Another question to investigate is how cheaply the company can get the gold or silver out of the ground. A simple way to measure this is through the AISC, or all-in sustaining costs. If a miner’s AISC per ounce of gold or silver is lower than the spot price of the mineral itself, that’s good because it means the company is able to get it out of the ground cheaply.
A related concept is the optionality strategy: when a company purchases mineral-prospective assets when gold and silver prices are low, in order to generate robust returns on the investment when the mineral prices go up. Companies that use the optionality strategy tend to provide excellent value to their shareholders over the long run.

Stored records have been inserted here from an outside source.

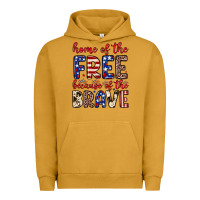Pigment Peanut Butter Home of the free because of the brave Urban Hoodie - Neo Western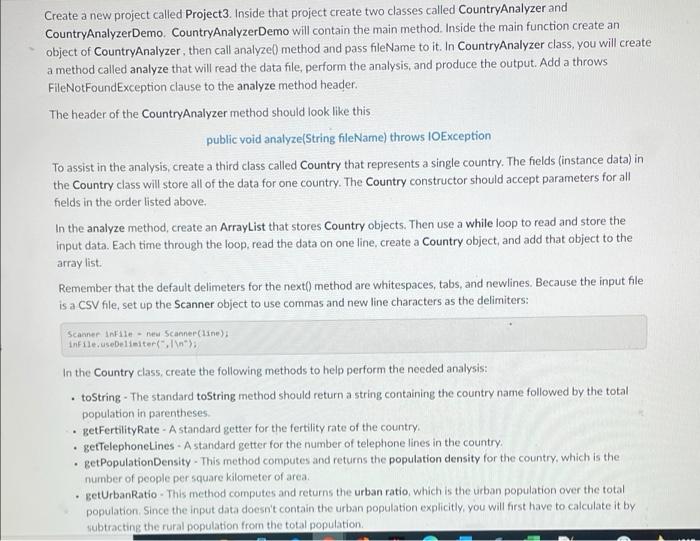 Create a new project called Project3. Inside that | Chegg.com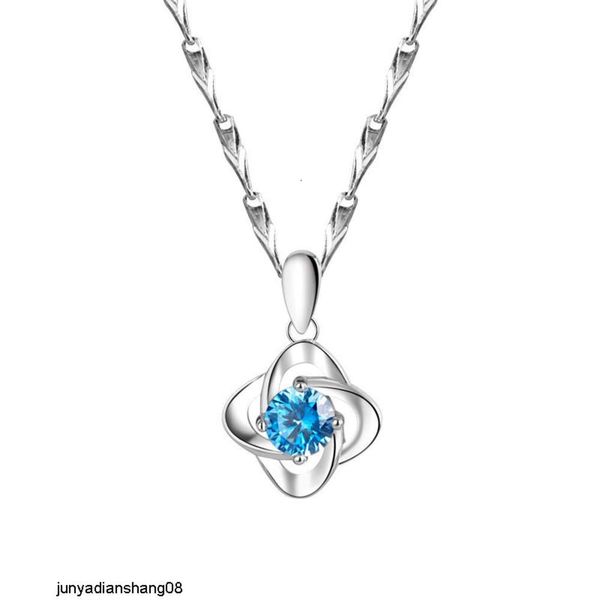 Abao S999 Collar de plata de pie para mujer, cadena de Collar de circonita azul con corazón de océano y trébol de alta calidad y nuevo estilo versátil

Naturally, you’ll also want to conduct research on a company’s financials. Is it well-capitalized to continue its exploration and/or production activities? If not, then can the company at least get financing soon?
Finally, it’s not a bad idea to check a company’s stock chart, along with the charts of the gold and silver prices. Don’t be fearful just because the price went down recently. After all, successful investors buy when others are selling, just like companies can use the optionality strategy to buy assets when they’re cheap; this is the crux of contrarian investing.
So, just to recap, you’re looking for leadership, assets, strategy, and financials. There’s no need to compromise when there are gold and silver miners that check all of the boxes, providing you tremendous opportunities to build wealth during a bull market in precious metals.